■ Problem to work on
Leaving out all pictures, restate word for word the lines from the one with "Kho Kho Women" through the last line of the entries.

(Data extracted from a collection)
# # # #
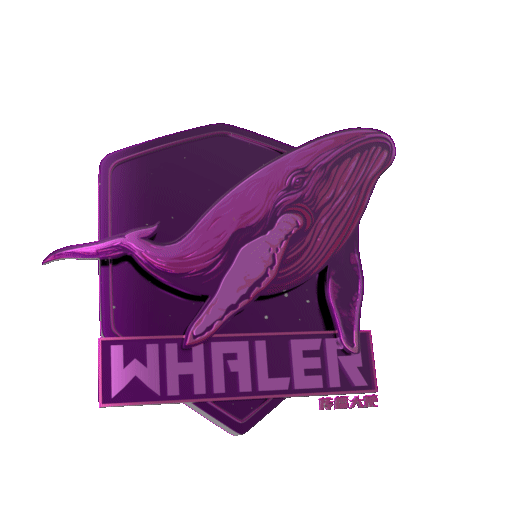 WhalerNFTs Dissemination Amabassador Medal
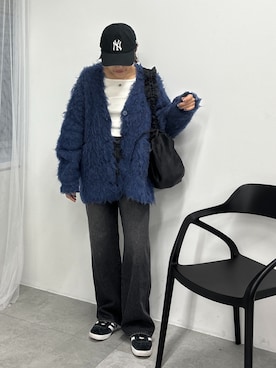 「WC（ダブル シー）のアイテム（バッグ）」を使った、rinoさん（レディース・160cm）の秋コーディネート
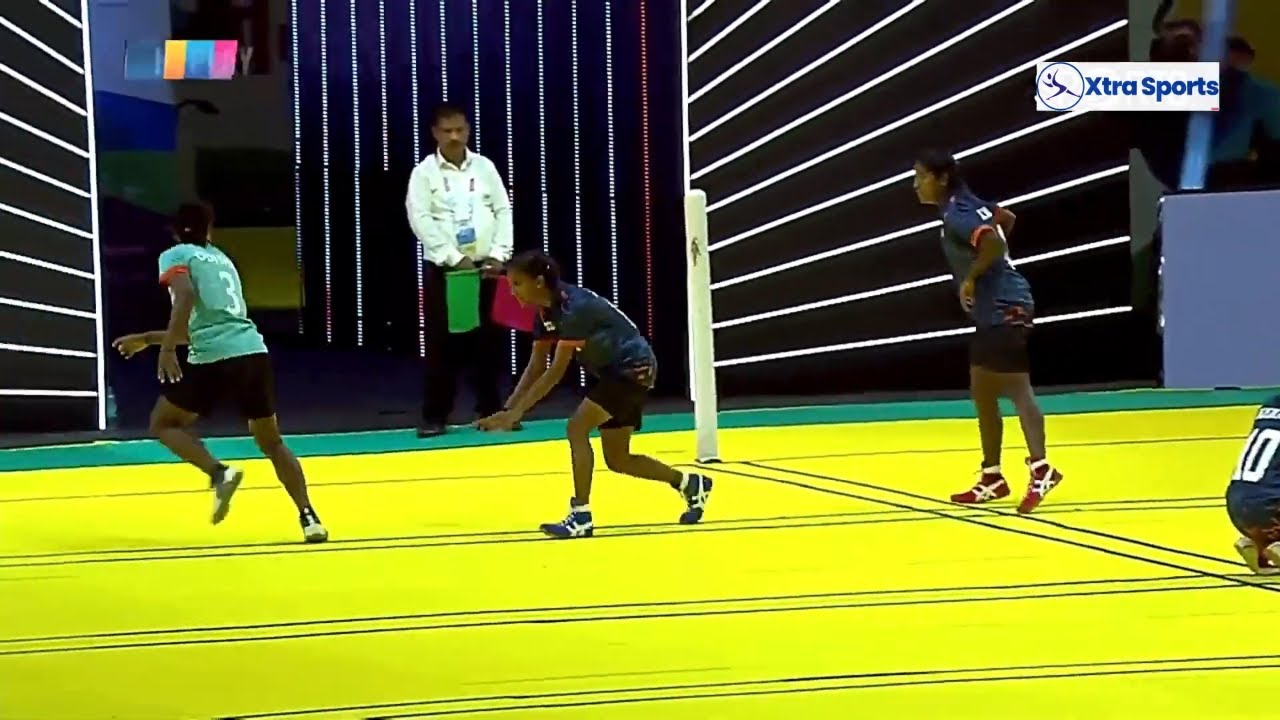 Kho Kho Women Semi-Final - Odisha Vs Kerala | National Games 2023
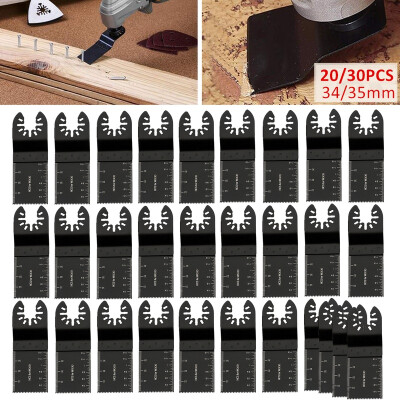 102030PCS 3435mm Carbon Steel Cutter Saw Blades Bi-metal Straight Wood Oscillating Multitool Power Tool Kit
102030PCS 3435mm Carbon Steel Cutter Saw Blades Bi-metal Straight Wood Oscillating Multitool Power Tool Kit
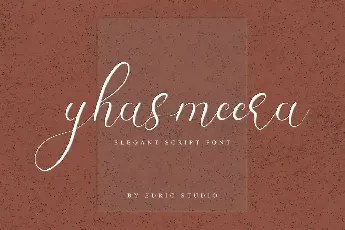 Yhasmeera Demo font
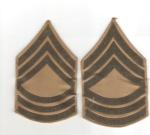 WWII USMC Marine Sergeant Major Rank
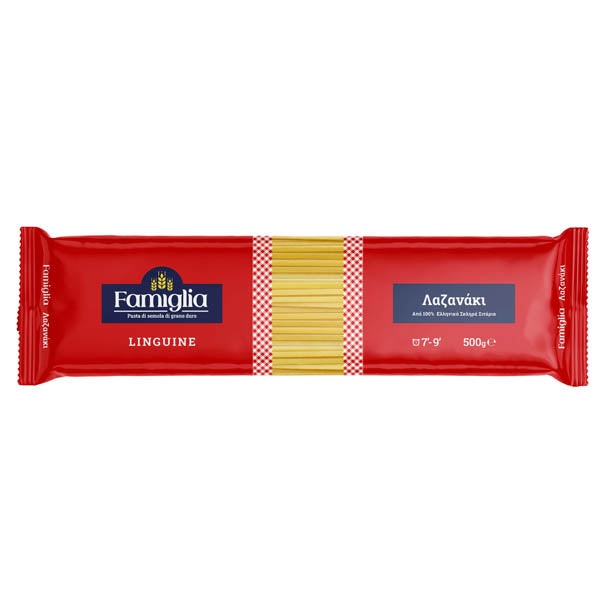 FAMIGLIA 500gr. - (ΛΑΖΑΝΑΚΙ)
# # # #
■ Response
 Kho Kho Women Semi-Final - Odisha Vs Kerala | National Games 2023
 102030PCS 3435mm Carbon Steel Cutter Saw Blades Bi-metal Straight Wood Oscillating Multitool Power Tool Kit
102030PCS 3435mm Carbon Steel Cutter Saw Blades Bi-metal Straight Wood Oscillating Multitool Power Tool Kit
 Yhasmeera Demo font
 WWII USMC Marine Sergeant Major Rank
 FAMIGLIA 500gr. - (ΛΑΖΑΝΑΚΙ)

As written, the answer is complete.